[Brief descriptive captions]

● ● ● ●

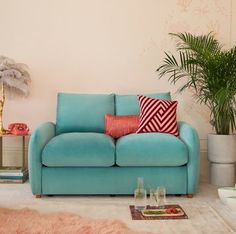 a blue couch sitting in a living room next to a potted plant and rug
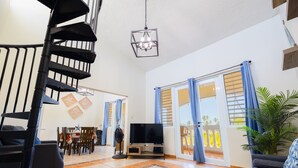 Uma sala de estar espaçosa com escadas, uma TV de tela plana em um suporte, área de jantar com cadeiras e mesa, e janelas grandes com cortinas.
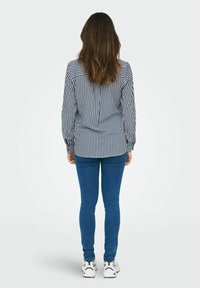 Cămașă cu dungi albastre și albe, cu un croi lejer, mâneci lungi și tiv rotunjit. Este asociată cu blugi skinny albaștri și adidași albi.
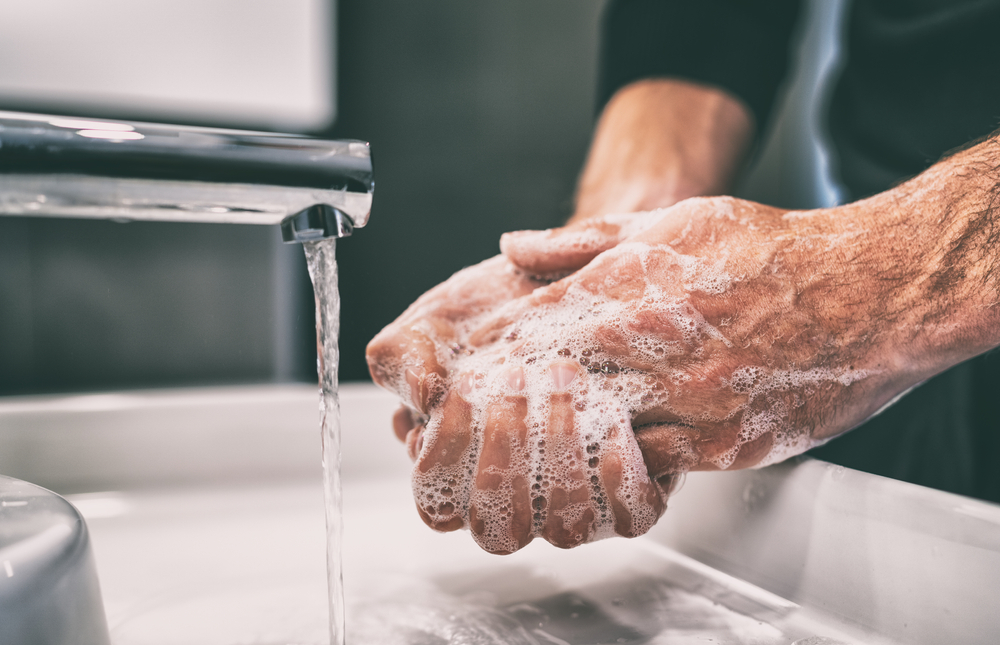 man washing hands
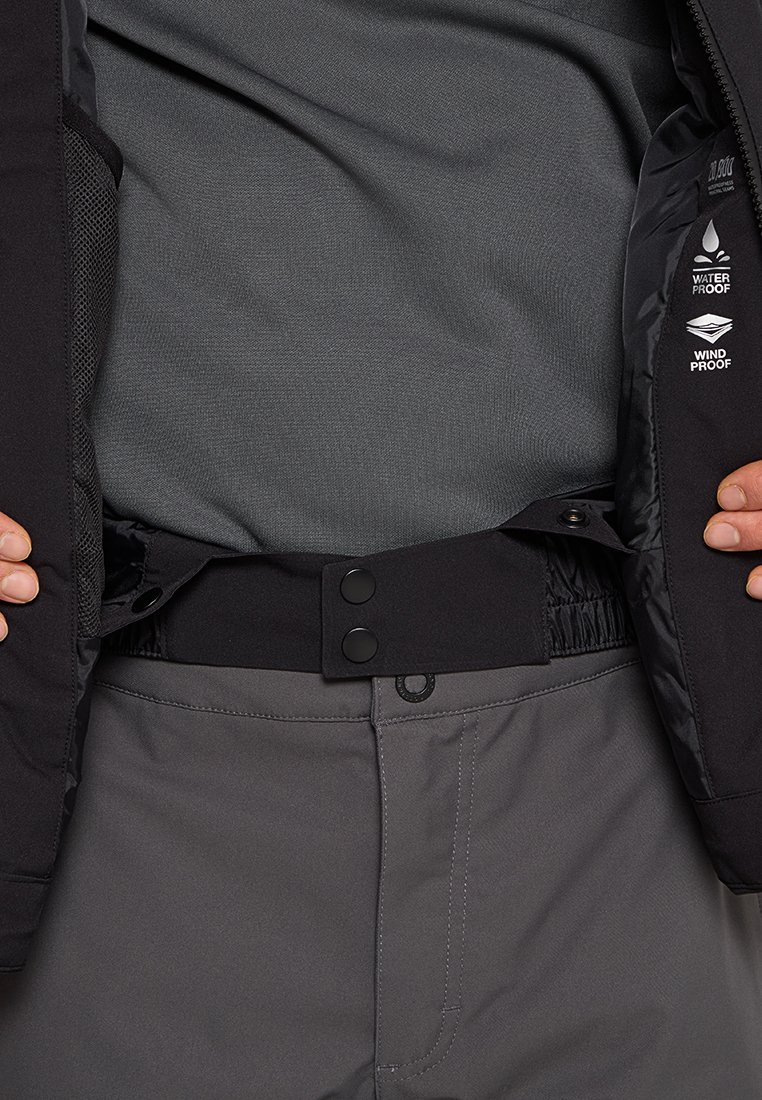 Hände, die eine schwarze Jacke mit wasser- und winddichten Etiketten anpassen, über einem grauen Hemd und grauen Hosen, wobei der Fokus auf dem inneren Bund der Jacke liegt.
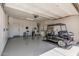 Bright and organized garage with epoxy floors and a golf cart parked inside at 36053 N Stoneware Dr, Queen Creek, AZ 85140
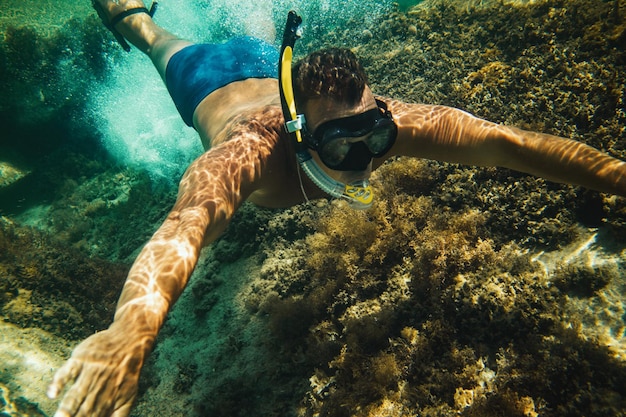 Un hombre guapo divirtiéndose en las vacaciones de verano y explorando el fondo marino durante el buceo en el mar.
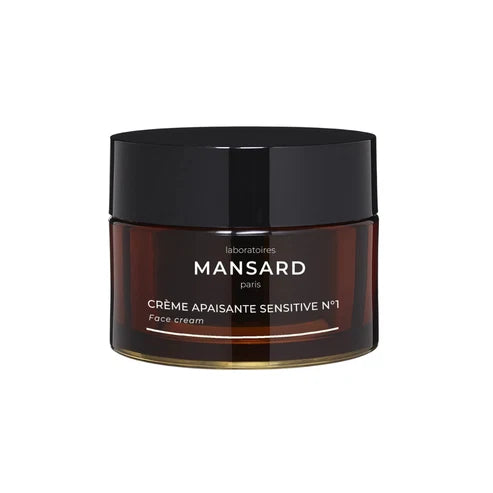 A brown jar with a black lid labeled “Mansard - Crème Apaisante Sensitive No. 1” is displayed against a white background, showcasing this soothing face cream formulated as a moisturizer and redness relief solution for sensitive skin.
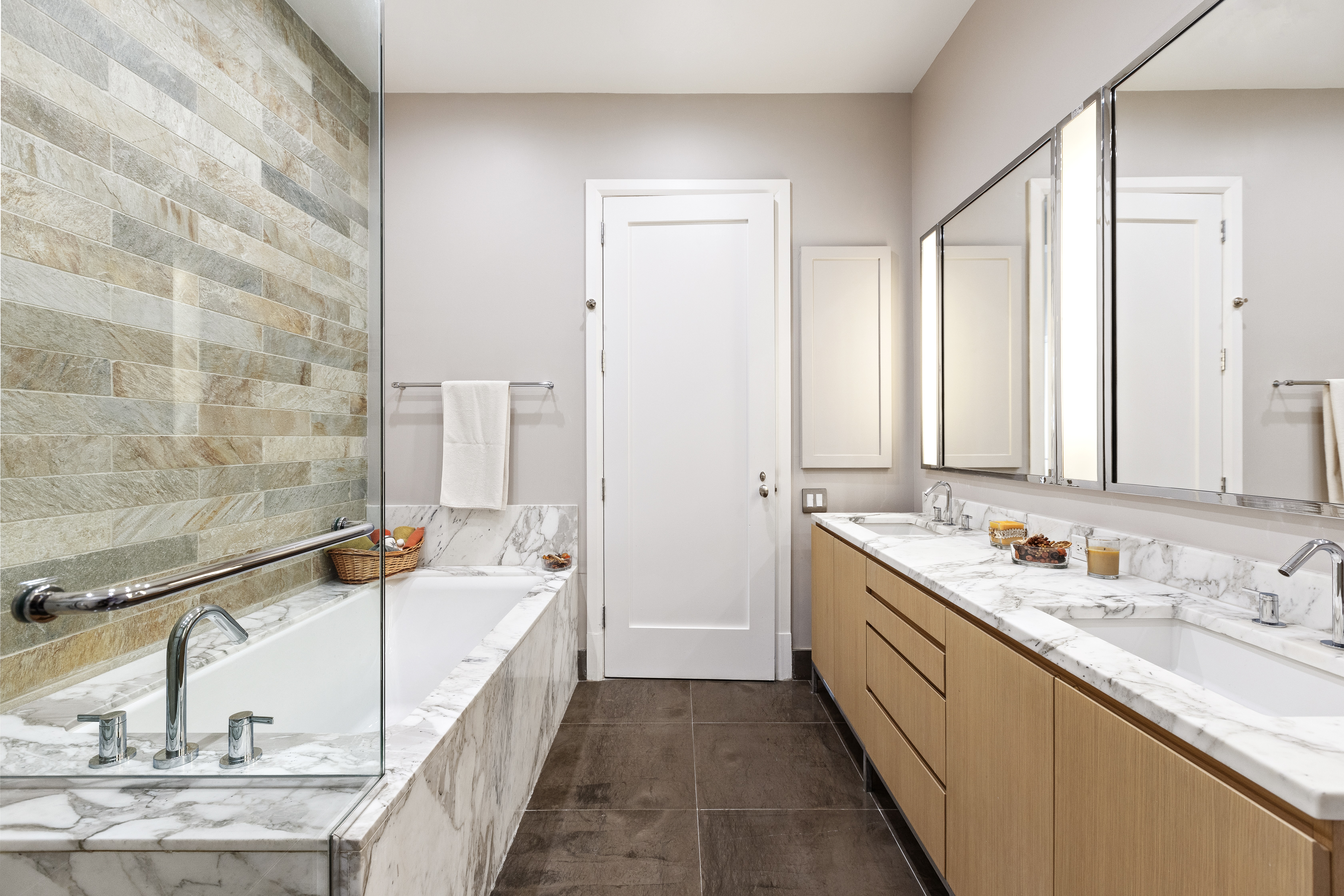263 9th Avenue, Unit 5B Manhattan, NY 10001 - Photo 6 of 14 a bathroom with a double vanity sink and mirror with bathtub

● ● ● ●

• [What to produce]: Please output exactly the lines of the data above, from its first line through the line with "man washing hands", and nothing else; drop the pictures.

• [Expected answer]:
 a blue couch sitting in a living room next to a potted plant and rug
 Uma sala de estar espaçosa com escadas, uma TV de tela plana em um suporte, área de jantar com cadeiras e mesa, e janelas grandes com cortinas.
 Cămașă cu dungi albastre și albe, cu un croi lejer, mâneci lungi și tiv rotunjit. Este asociată cu blugi skinny albaștri și adidași albi.
 man washing hands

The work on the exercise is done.